5. I have considered the pleadings and documents filed therewith as well as the arguments and case laws filed by the counsel for the petitioners. On consideration of the facts and circumstances of case. I find that the respondents have failed to refute the allegation levelled against them. In the present case the petitioners plea is that on 11.12.2002 respondent No. 2 had malafidely, illegally and without following the due process of law or without any notice to the existing members including the petitioners who held majority shareholding in Gallant allotted 10,000 shares to himself and his family members (R-2 to 7) even while the petitioners' application money amounting to Rs. 15 lacs for purchasing 15,000 equity shares was available with the respondent company. With this allotment the number of shares of the respondents increased to 25,000 shares while the petitioners holding remained as 25,000 shares and this act of the respondent had reduced the petitioners who are the majority shareholders to equal shareholding which amounted to oppression. This act of the respondents, as pointed out by the petitioners, was not for a proper purpose but for an extraneous reason only to gain control of the respondent company.
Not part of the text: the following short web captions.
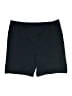 Danskin Solid Black Athletic Shorts Size XXL - photo 1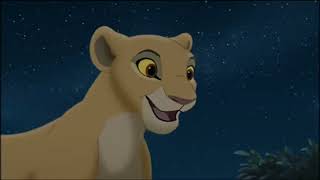 Lion King  Love will find a way German Subs amp Trans [upl. by Hoskinson466]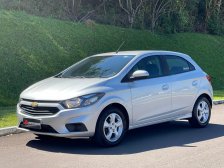 GM - Chevrolet  foto 1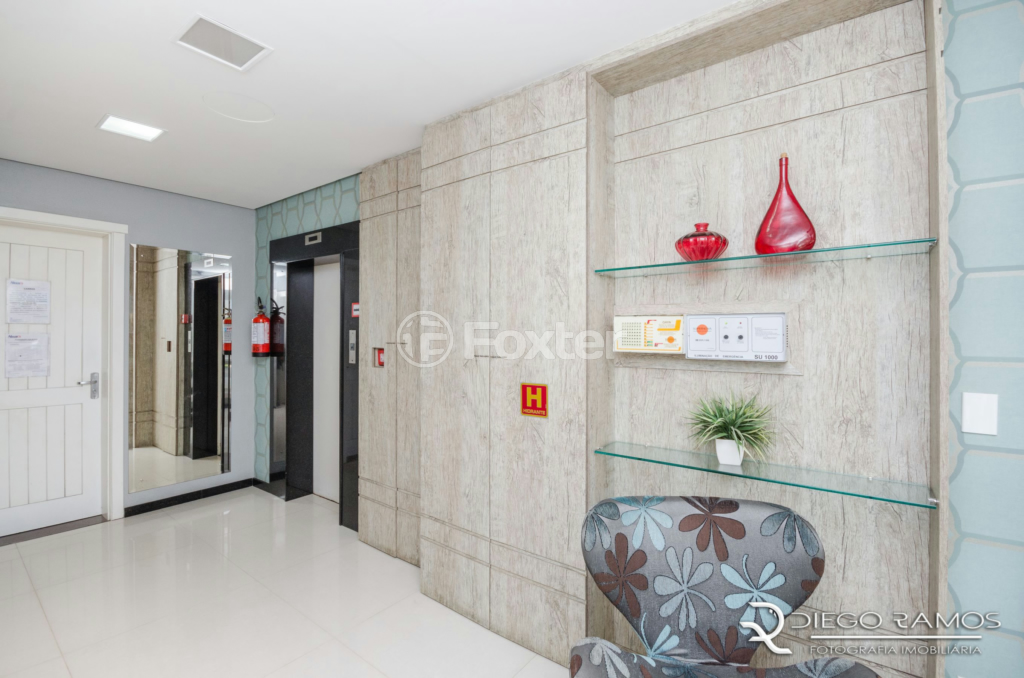 Apartamento à venda com 3 quartos, 72m² - Foto 25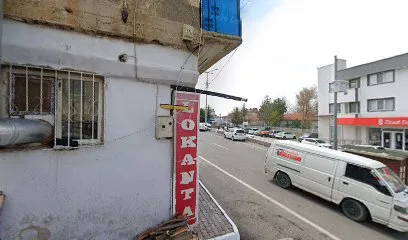 Altunhisar Kısmet Lokantası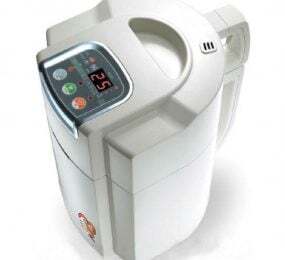 Máy làm sữa đậu nành Soylove IOM-801A (IOM-801)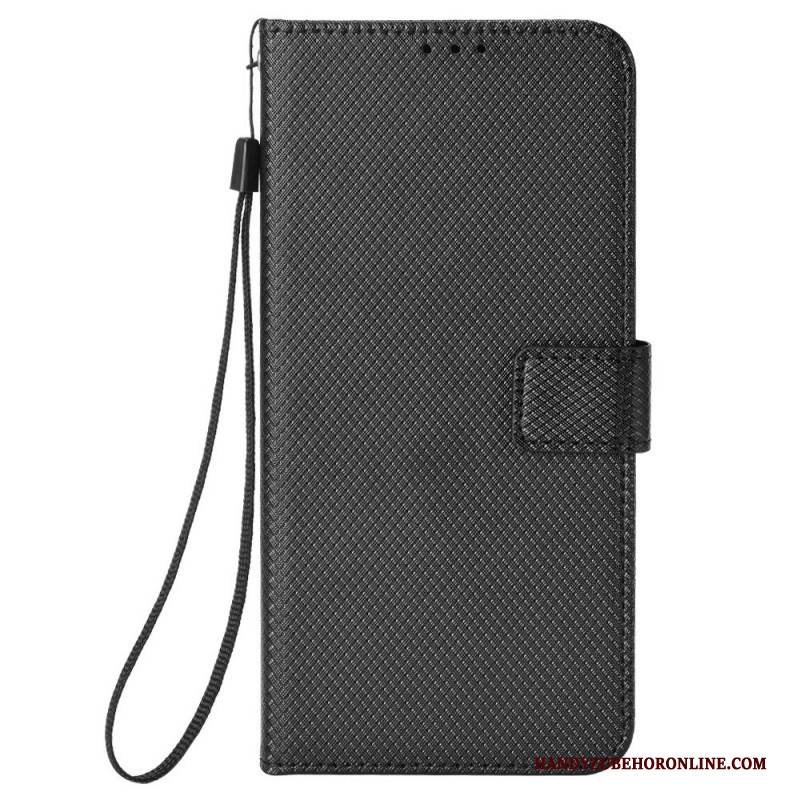 Lederhüllen Xiaomi Redmi Note 14 Pro Plus 5g Handyhülle Punkte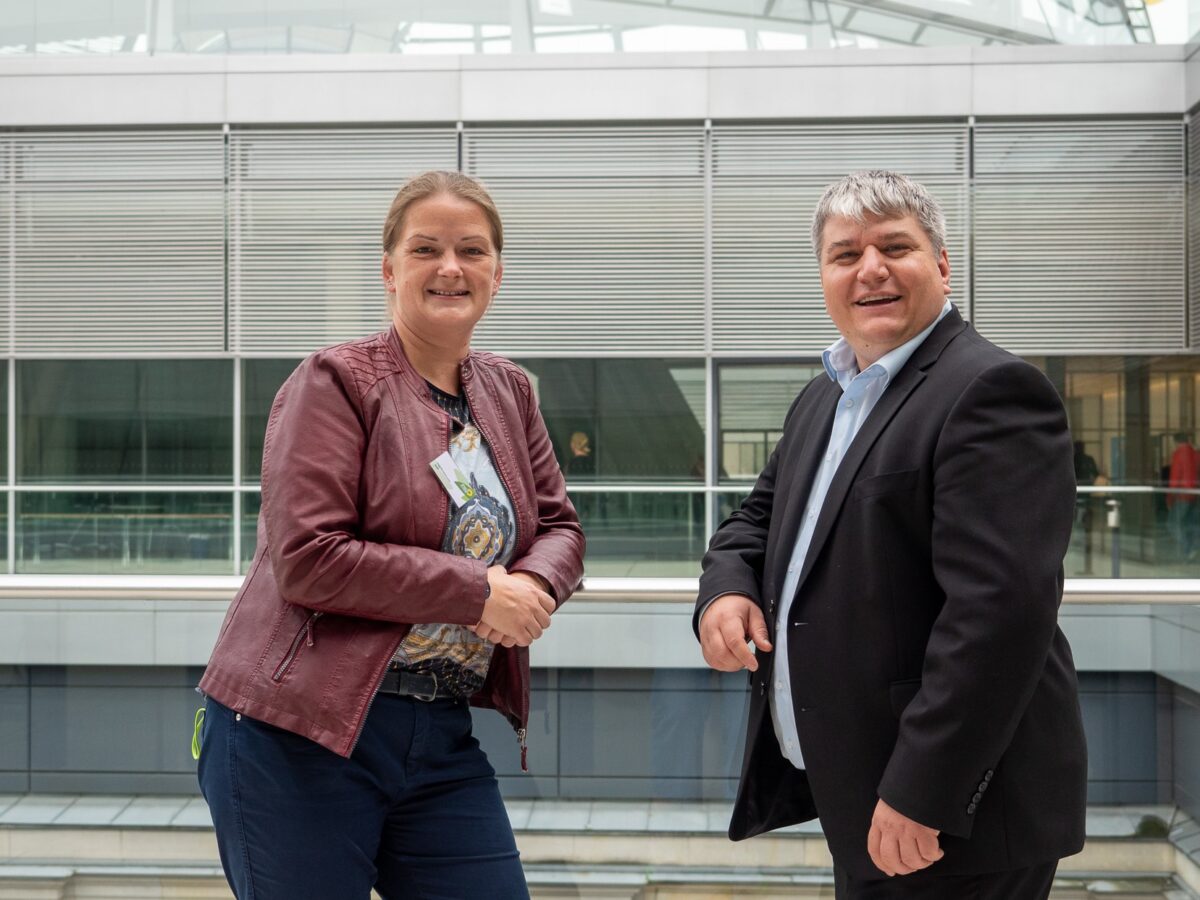 Kemnath bekommt 1,25 Millionen Euro für schnelleres Internet
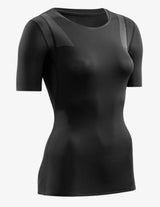 Guru Muscle CEP Womens Wingtech Compression Shirt, view 2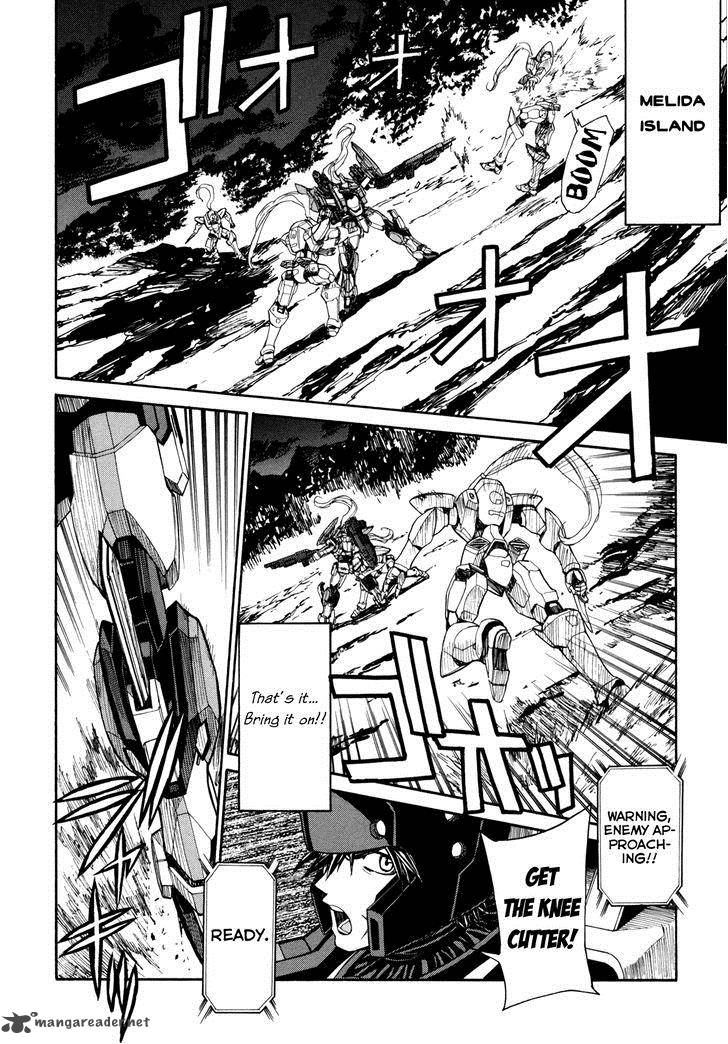 Full Metal Panic Sigma 82 2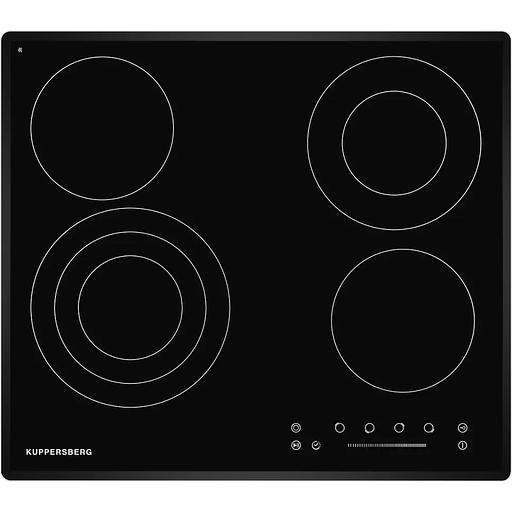 Встраиваемая электрическая панель Kuppersberg Kuppersberg ECS 632 F фото 2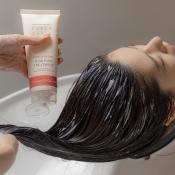 After Salon Care Hair Pack Treatment Masca de Par hranitoare pentru parul extrem de deteriorat 250 ml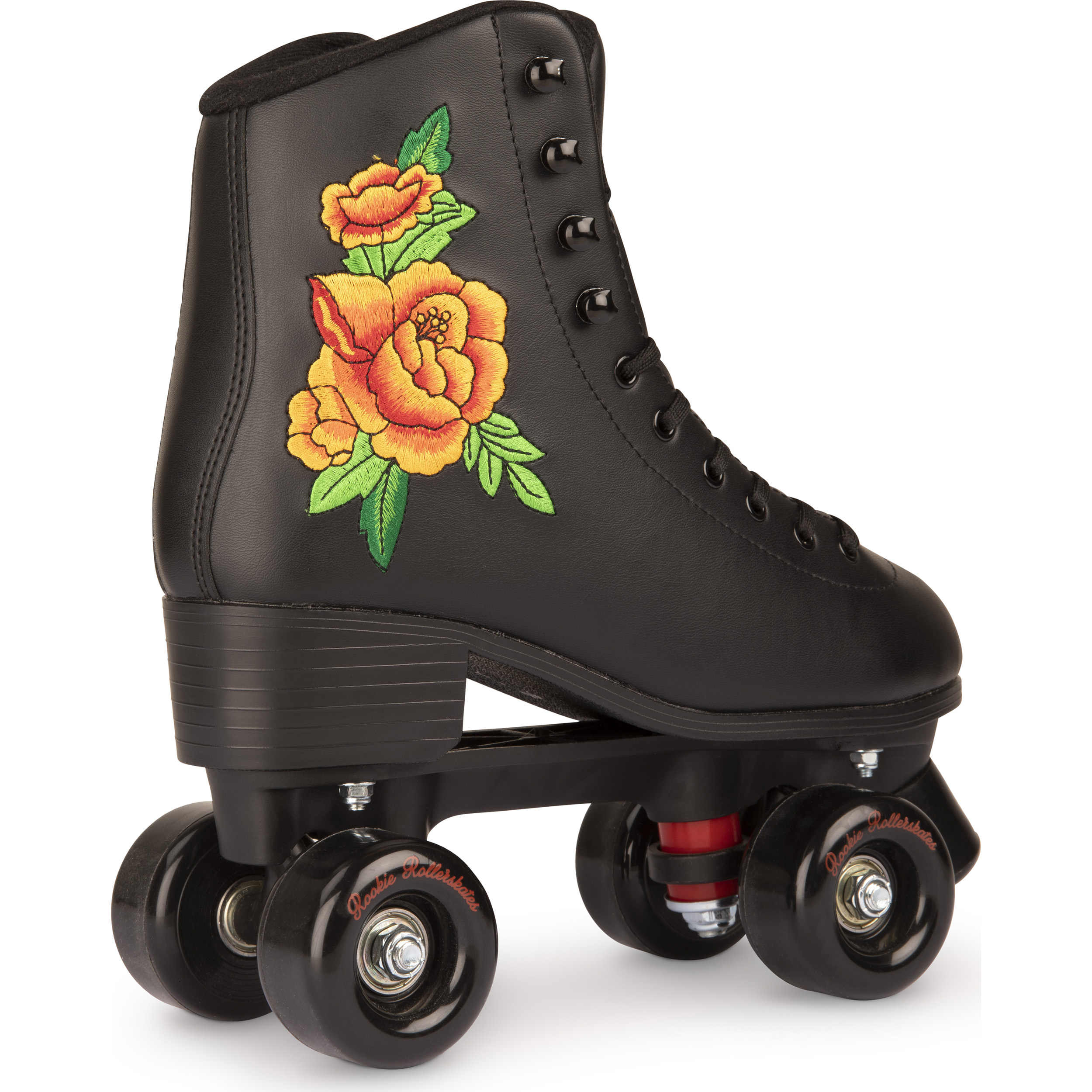 Rookie Rosa Quad Roller Skates eBay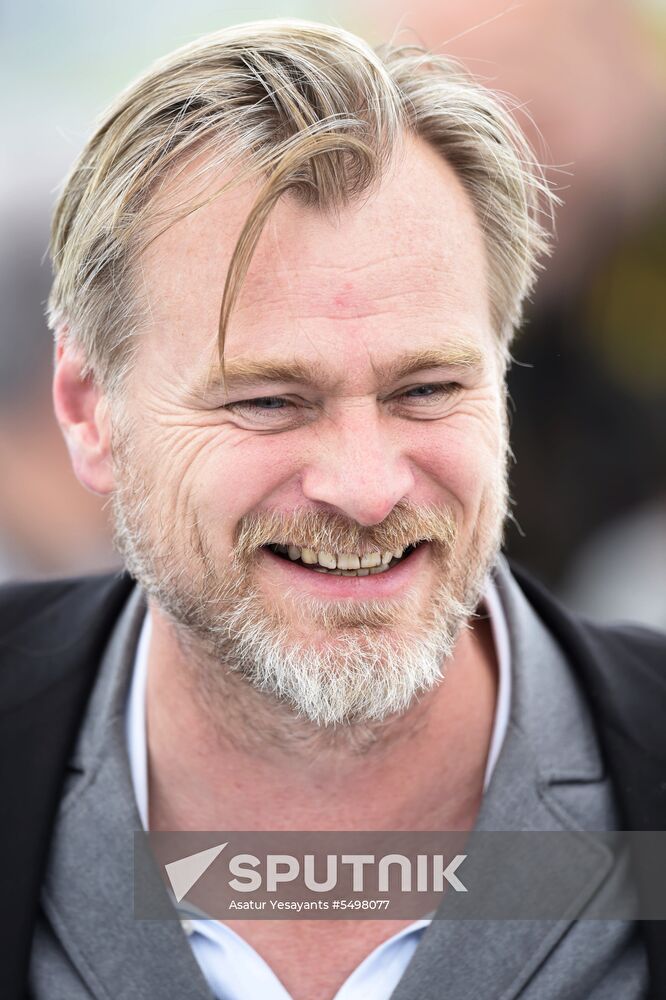 71st Cannes Film Festival. Day five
It was further pointed out that even the requirement of amended Article 6(f) of the Articles of Association of Gallant which provides that the two thirds of the total number of directors of the company at any time shall be nominated or appointed by Metal Distributors Ltd. was given a go by. My attention was drawn to the settled law that in the matter of issue of additional shares the directors owe a fiduciary duty to issue shares for a proper purpose. This duty owed by the respondents to the shareholders of the company was breached. It was reiterated that the act of the Board of Directors of Gallant in reducing the majority of the petitioners is malafide and is an act of oppression. The petitioner relied on the judgement of the Apex Court in the matter of Dale and Carringion Investment Pvt. Ltd. v. P.K. Prathapan and Ors. reported in (2005) SCC 212.
6. As regards further allotments, the respondents have not been able to prove the necessity of such increase and following of proper procedure for allotment. The facts of this case do not warrant such increase.
Nothing was placed on record to show the need of the company for further investment and hence need for allotment of additional shares.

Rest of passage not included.